No reason is given why Hill and the other occupants of the automobile did not see or hear the train approaching and did not see the signs as they approached the track. They had ears to hear, and eyes to see, and, yet, the uncontradicted testimony is that they did neither.
The record in this case fails to show that the appellant was guilty of any negligence and, on the other hand, shows that it did everything which it should have done. The driver of the automobile was negligent and his negligence was the sole proximate cause of the accident.

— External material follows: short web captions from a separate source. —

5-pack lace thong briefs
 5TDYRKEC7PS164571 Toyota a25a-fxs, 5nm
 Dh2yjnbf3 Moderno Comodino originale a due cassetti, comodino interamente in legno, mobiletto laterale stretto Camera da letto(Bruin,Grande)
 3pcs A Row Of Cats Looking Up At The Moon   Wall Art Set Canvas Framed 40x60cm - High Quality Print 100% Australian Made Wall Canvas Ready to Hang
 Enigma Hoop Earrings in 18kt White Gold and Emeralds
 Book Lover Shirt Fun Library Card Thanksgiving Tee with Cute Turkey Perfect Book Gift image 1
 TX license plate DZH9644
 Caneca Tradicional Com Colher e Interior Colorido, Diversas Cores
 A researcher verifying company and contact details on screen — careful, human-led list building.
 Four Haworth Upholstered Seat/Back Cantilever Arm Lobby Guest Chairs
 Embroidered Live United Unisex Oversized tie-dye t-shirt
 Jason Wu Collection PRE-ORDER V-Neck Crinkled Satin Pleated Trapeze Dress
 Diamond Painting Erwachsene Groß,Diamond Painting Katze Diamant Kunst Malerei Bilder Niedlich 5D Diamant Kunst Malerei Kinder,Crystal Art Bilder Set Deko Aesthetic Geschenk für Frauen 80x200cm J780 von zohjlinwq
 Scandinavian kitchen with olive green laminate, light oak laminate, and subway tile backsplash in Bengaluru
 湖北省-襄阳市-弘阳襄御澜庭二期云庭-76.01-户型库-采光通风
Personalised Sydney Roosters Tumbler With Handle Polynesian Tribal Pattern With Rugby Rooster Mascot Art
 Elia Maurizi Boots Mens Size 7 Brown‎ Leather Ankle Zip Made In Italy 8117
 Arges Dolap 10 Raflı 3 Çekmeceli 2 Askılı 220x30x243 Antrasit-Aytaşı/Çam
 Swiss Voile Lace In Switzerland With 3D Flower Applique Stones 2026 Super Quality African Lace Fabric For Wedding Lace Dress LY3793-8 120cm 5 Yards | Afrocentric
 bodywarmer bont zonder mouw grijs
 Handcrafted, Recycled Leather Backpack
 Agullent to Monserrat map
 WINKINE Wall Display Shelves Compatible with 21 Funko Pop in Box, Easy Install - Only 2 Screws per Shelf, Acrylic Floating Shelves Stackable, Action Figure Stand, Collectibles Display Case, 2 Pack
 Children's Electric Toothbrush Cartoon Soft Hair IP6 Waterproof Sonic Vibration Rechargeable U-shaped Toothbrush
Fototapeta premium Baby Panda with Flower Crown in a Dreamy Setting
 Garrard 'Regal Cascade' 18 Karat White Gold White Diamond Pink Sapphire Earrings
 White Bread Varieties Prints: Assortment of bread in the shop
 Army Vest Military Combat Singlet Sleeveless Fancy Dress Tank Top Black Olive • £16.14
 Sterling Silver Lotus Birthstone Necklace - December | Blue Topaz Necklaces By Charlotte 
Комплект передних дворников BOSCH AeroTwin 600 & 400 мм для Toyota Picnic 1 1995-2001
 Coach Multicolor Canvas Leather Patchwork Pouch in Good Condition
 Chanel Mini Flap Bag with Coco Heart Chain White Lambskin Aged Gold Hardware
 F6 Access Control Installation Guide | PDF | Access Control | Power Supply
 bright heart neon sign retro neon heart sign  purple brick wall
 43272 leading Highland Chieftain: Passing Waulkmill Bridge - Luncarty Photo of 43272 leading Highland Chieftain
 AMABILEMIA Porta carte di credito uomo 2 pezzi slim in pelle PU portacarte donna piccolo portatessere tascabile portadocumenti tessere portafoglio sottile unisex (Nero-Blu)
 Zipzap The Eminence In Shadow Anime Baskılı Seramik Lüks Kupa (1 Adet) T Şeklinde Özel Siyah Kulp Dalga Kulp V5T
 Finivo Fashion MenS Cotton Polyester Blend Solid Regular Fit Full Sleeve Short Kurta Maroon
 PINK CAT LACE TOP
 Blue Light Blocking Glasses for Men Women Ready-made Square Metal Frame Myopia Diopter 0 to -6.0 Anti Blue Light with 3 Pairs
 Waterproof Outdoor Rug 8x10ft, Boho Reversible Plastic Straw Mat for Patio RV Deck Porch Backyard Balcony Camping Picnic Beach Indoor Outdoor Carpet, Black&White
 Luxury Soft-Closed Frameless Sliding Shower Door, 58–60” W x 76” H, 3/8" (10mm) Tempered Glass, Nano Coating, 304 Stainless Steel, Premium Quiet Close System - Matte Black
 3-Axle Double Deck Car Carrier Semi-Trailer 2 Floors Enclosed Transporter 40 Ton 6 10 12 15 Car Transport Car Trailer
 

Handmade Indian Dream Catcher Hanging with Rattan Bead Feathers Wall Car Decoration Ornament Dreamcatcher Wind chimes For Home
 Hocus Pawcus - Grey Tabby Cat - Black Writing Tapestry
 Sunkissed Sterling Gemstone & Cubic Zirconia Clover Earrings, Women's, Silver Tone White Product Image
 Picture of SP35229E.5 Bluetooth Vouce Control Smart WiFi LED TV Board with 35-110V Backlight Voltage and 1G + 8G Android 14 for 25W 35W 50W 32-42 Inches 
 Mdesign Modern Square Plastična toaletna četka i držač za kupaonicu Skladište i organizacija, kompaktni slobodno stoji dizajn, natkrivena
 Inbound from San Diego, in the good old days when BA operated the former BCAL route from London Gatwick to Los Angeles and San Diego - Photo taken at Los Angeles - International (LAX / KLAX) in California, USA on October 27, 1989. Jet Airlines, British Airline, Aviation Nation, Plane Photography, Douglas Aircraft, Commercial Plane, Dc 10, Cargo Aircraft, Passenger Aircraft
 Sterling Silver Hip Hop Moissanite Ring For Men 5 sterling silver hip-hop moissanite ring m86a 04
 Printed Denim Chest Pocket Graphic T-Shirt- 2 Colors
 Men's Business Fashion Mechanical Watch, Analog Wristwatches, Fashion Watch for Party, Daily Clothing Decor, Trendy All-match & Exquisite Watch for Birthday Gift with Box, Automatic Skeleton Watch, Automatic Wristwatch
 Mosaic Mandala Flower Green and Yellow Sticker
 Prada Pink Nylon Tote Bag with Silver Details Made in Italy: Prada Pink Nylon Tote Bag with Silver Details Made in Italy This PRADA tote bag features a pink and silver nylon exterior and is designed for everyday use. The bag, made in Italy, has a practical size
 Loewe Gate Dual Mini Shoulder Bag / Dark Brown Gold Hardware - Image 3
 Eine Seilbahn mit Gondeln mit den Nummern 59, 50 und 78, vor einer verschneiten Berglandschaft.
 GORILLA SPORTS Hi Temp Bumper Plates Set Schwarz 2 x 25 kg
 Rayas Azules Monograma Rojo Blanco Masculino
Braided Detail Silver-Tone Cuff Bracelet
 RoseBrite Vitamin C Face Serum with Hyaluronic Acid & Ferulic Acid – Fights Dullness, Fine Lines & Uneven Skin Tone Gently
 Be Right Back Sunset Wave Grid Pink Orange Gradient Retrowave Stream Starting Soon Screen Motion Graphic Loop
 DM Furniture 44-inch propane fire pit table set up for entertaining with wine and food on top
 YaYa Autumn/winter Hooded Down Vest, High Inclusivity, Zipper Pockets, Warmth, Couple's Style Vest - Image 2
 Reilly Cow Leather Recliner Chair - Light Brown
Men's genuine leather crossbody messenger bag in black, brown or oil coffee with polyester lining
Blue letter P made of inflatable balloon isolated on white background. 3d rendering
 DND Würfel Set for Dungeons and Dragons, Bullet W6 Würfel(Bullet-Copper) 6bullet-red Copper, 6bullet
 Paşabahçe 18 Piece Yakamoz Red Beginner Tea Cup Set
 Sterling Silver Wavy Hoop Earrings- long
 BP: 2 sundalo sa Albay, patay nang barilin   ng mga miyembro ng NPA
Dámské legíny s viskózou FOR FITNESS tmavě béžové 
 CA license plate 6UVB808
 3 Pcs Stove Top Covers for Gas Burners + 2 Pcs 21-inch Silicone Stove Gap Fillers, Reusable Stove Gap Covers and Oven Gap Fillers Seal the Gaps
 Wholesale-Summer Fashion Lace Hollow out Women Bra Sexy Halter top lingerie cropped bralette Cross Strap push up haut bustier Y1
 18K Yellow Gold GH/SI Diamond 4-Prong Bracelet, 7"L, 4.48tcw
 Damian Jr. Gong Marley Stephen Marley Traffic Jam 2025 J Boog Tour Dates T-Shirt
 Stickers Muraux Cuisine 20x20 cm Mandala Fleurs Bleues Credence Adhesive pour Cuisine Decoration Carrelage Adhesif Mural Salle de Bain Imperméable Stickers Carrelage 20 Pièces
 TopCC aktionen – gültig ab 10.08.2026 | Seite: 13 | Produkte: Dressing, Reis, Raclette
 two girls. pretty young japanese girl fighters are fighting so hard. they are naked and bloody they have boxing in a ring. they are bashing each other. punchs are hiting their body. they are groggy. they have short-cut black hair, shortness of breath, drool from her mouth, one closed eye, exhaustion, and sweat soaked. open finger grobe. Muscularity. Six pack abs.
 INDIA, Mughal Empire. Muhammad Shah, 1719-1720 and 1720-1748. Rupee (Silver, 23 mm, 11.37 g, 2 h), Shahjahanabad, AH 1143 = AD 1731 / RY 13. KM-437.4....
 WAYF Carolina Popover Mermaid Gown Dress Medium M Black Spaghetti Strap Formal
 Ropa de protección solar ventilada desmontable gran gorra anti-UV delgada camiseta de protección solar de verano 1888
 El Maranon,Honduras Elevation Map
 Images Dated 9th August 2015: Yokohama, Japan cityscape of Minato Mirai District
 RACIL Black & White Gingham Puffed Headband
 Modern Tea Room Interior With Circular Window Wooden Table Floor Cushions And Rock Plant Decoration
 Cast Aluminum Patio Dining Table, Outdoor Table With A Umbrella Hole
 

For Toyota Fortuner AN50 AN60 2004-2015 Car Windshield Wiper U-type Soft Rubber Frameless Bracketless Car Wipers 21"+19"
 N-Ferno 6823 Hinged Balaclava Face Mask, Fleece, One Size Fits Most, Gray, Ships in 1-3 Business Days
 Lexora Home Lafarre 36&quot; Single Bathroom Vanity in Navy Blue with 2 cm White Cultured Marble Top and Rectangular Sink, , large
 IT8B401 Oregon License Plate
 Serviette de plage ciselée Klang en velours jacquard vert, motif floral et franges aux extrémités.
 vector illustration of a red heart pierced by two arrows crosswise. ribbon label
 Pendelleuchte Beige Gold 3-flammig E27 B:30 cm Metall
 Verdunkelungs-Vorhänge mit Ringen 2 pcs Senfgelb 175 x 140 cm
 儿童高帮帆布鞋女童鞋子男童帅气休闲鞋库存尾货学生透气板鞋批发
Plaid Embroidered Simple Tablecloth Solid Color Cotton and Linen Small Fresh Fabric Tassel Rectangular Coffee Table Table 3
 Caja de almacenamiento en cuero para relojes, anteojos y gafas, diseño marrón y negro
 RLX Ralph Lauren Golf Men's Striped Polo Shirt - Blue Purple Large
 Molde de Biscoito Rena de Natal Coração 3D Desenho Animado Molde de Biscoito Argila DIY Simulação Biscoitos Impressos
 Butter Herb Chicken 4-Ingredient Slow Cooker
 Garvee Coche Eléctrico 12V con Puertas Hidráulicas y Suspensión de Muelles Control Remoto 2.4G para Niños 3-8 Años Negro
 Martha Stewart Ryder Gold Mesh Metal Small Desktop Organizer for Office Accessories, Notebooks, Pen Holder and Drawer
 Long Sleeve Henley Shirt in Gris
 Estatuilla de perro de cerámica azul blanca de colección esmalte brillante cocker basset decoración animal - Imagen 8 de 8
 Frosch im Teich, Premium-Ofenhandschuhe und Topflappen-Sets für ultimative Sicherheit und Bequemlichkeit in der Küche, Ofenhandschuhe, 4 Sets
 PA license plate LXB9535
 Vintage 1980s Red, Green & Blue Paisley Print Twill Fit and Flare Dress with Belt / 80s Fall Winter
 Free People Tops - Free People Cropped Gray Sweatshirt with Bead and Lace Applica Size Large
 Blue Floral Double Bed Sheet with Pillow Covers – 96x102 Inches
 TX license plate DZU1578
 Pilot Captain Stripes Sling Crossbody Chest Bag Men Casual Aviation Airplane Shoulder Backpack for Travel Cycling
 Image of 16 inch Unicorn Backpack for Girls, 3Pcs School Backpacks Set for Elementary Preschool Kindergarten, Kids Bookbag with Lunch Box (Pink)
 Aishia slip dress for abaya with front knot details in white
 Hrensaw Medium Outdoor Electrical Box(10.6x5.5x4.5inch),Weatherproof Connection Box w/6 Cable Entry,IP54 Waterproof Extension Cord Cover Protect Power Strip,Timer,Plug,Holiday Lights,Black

The appellant raises the further question that the lower court committed error in vacating the order of dismissal. The motion to dismiss the case for want of prosecution was properly made. The motion to set aside the order and re-instate the case was made within thirty days of the date of the order of dismissal but it failed to contain or show any good cause for the re-instatement of the case. It is true that F.S. § 45.19, F.S.A., provides that a suit dismissed under the provisions of the statute "may be reinstated by petition upon good cause shown". The only "good cause" attempted to be shown for granting the petition for re-instatement was that on October 16, 1951 the appellee served notice setting down for hearing on November 5, 1951 the motion to dismiss filed by appellant and also a motion filed by appellant for a more definite statement. On November 2, 1951 the appellee's attorney wrote a letter to the attorneys for the appellant to the effect that he was trying to submit some kind of a proposal for settlement. In this letter it was stated: "I am now trying to arrive at figures that I think would be the very minimum so far as he [Hill] is concerned." He further stated in said letter: "I will suggest the items and amounts which will be involved in any settlement we might make in these two cases within a week." It is shown by the record that no figures or offers of settlement were proposed *863 or submitted "within a week" or at any other time. The fact that one of the parties to the litigation discussed a settlement and promised to submit a proposal or figures within a week which was not done does not constitute the "good cause" contemplated and required by the statute. Gulf Appliance Distributors, Inc., v. Long, Fla., 53 So. 2d 706; Sudduth Realty Co. v. Wright, Fla., 55 So. 2d 189; Railway Express Agency v. Hoagland, Fla., 62 So. 2d 756; Yelvington & Son, Inc., v. Sheridan, Fla., 65 So. 2d 44, and Early v. Sarasota-Fruitville Drainage District, Fla., 67 So. 2d 441.
The case should be, and the same is hereby, reversed, with directions to set aside the judgment and take other proceedings consistent with this opinion.
ROBERTS, C.J., and SEBRING and BARNS, JJ., concur.